Current-Density Functional Theory of Linear Response to Time-Dependent Electromagnetic Fields

Abstract

Local density approximations are known to be very useful in calculating the ground-state exchange and correlation (xc) energy of many-electron systems [1], and local approximations are gaining in importance for the description of xc effects in time-dependent situations also [2,3]. Most of the time-dependent work has dealt with a scalar time-dependent xc potential \({v_{xc}}(\vec r,\omega )\) approximated as a local functional of the time-dependent density \(n(\vec r,\omega )\) as described in the chapter “Time-dependent density functional theory” in the introductory section of this Book. Despite much progress in this scalar approach, it will be shown in this Chapter that existing approximations for v _xc require modification. In particular, it will be shown that (i) there is no local density approximation for the scalar xc potential at finite frequency (ii) there is, however, a consistent local approximation for a vector xc potential \({{\vec a}_{xc}}(\vec r,\omega )\) in terms of the dynamic current density \(\vec j(\vec r,\omega )\) and its space derivatives, as well as the ground-state density and its space derivatives.
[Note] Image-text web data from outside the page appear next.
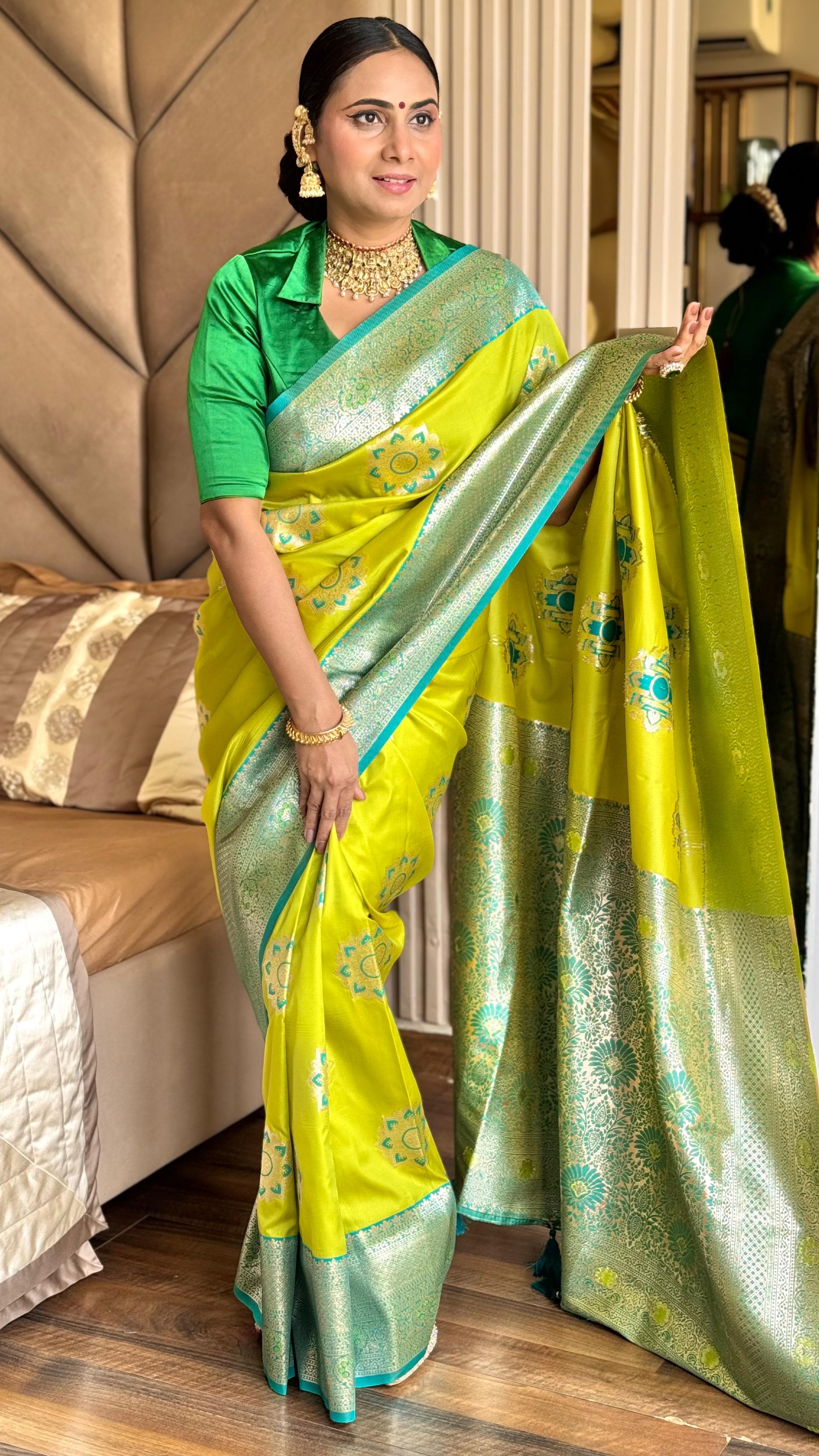 Beautiful Soft & Elegant With Rich & Vibrant Colour Combination Saree - Image 7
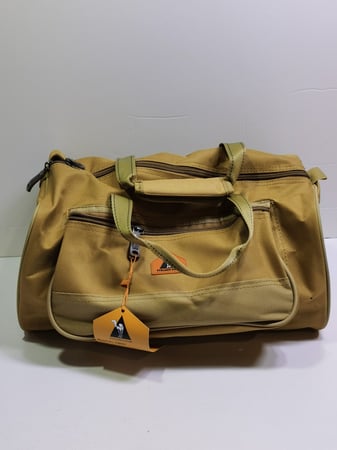 شنطة متعددة الاستخدامات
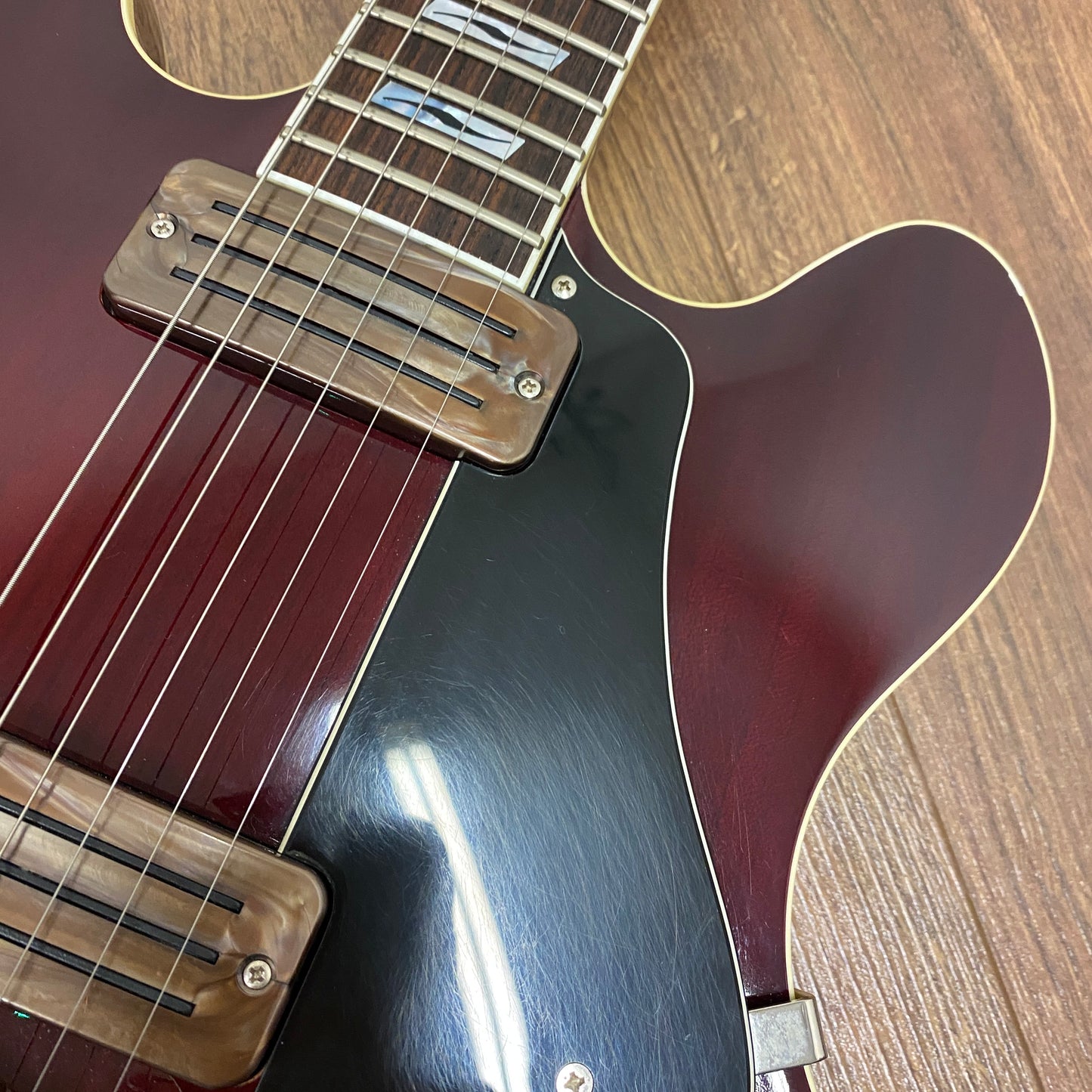 Pre-Owned Vox Virage DC MK1 - Wine Red - 2008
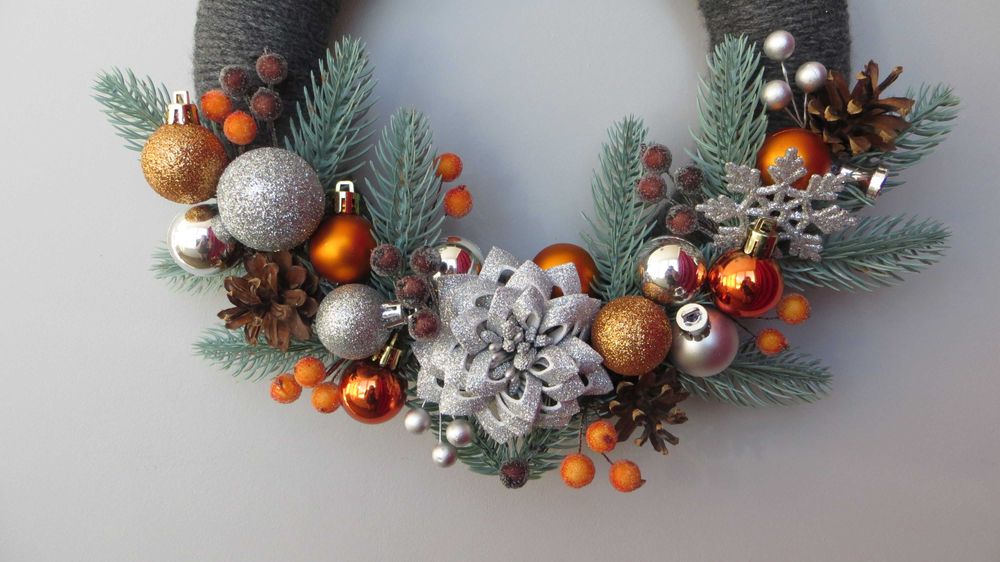 Різдвяний вінок/віночок. Новорічний декор. Голуба ялинка.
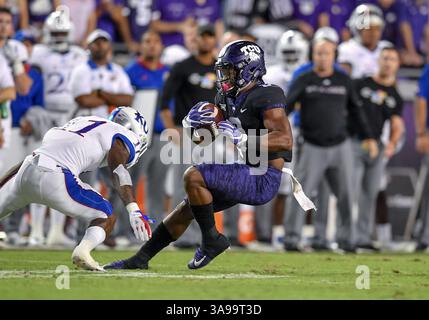 21 octobre 2017 : . TCU Horned Frogs Running Back Darius Anderson (6). Lors d'un match de football NCAA entre les Kansas Jayhawks et les TCU Horn Frogs au stade Amon carter à Fort Worth, Texas. . Manny Flores/CSM Banque D'Images
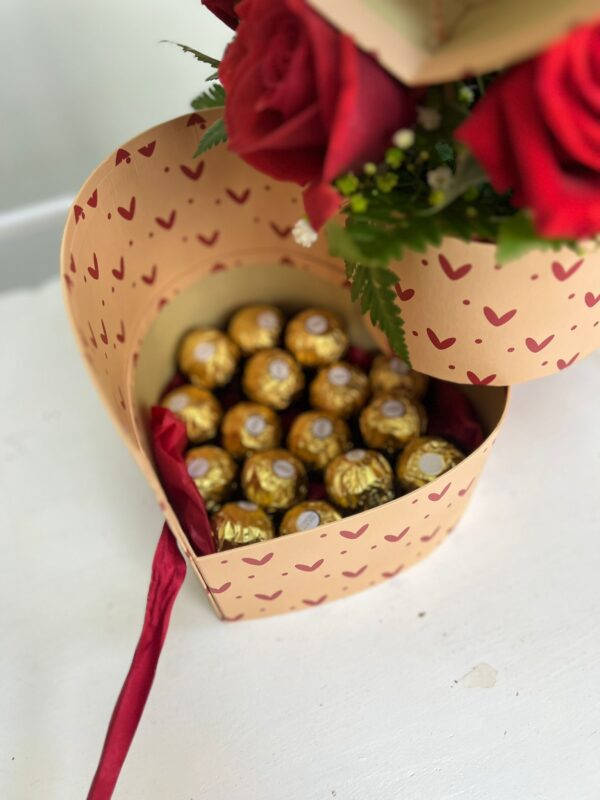 Caja corazón repleta de rosas y bombones - Imagen 2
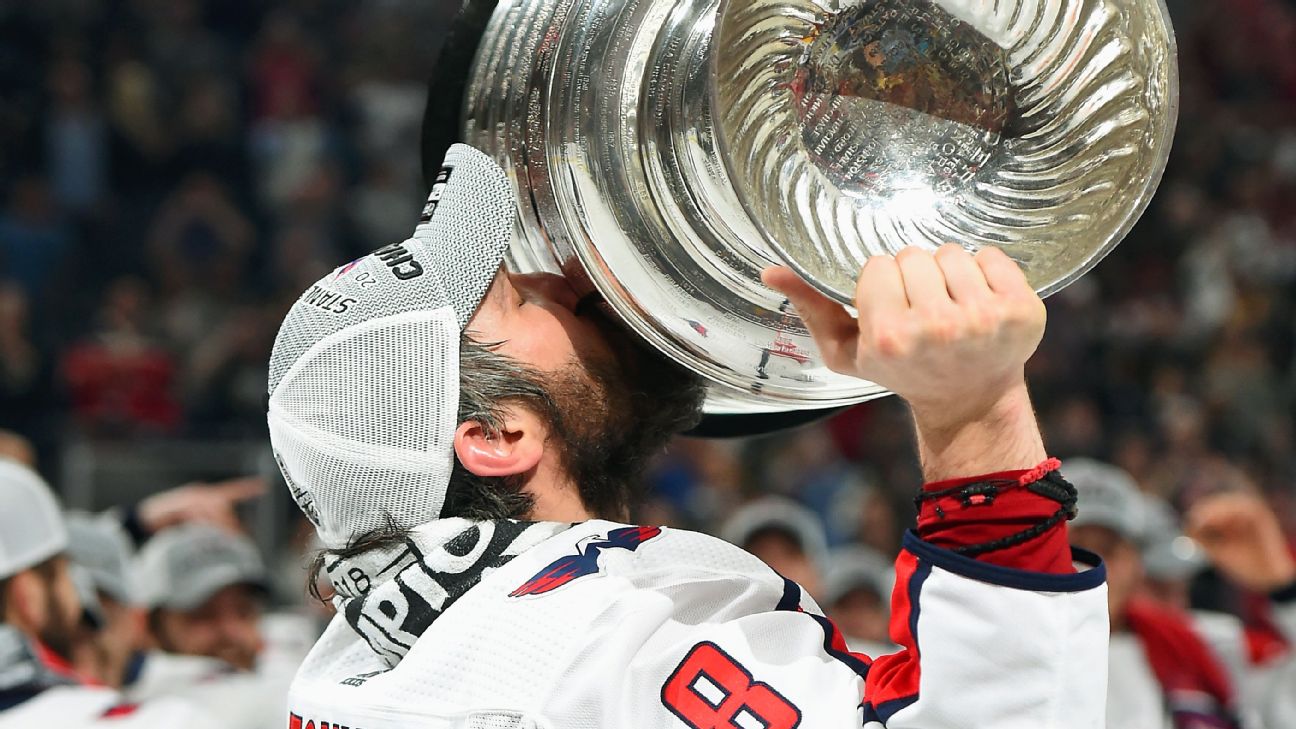 Alex Ovechkin brings Stanley Cup to 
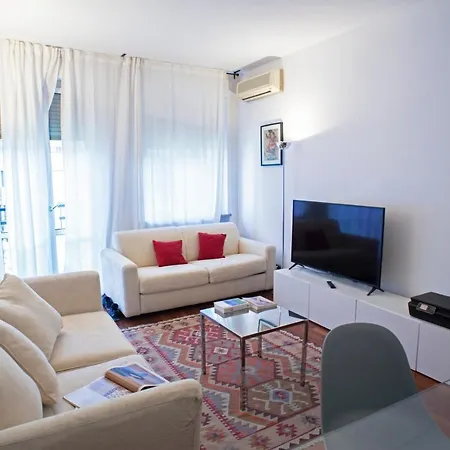 Pop_house, In The Heart Of Milano! Milan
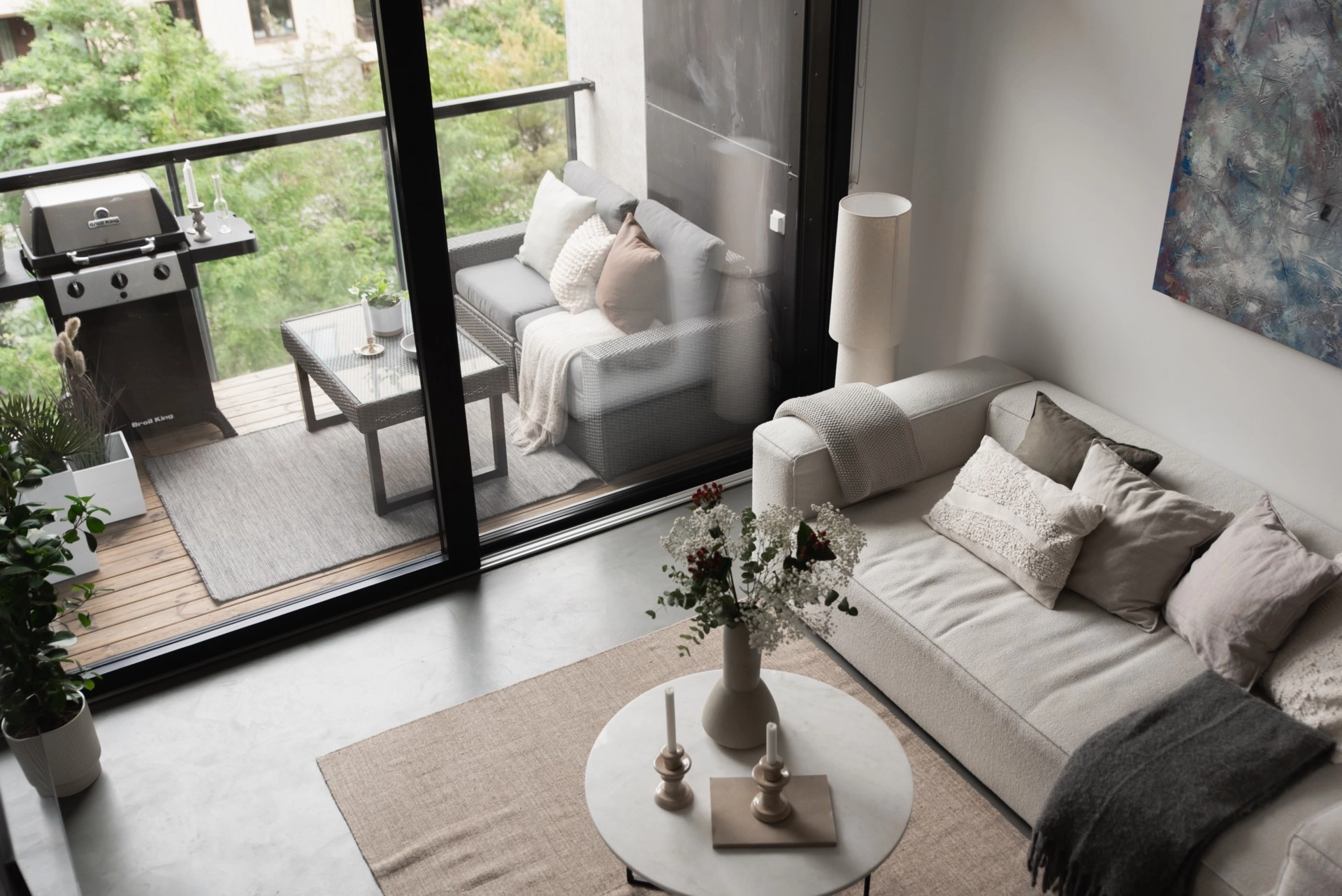 Exklusiv studiolägenhet med loft och terrass i expansiva Hagastaden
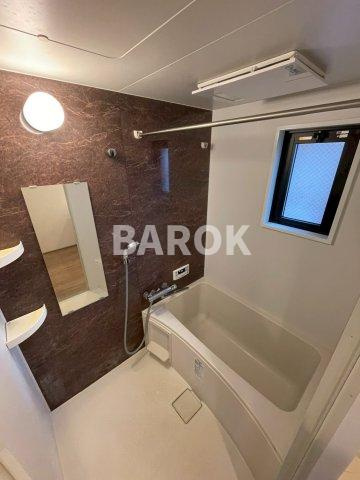 ロクラス博多の浴室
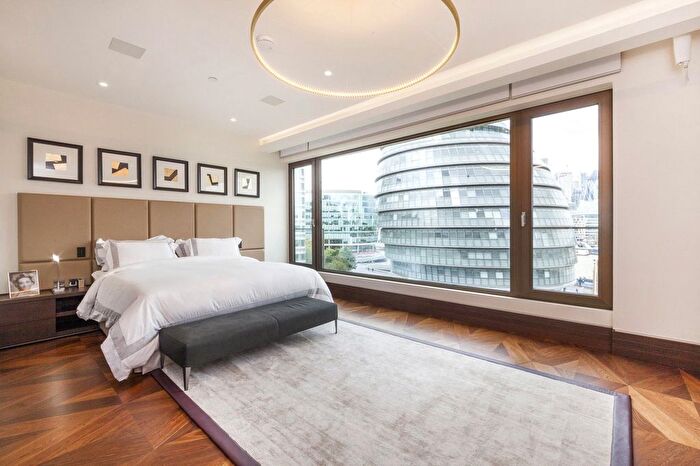 4 Bedroom Flat To Rent In Blenheim House, Crown Square, SE1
This approximation is valid, at a given frequency, for sufficiently slow spatial variations of the ground-state density and of the perturbing dynamic potential. The appropriately modified vector xc potential will be derived here in some detail, thus filling out the brief description published recently [4]. New material will also be presented, providing interpretation of the findings in the simple case of one dimensional inhomogeneity.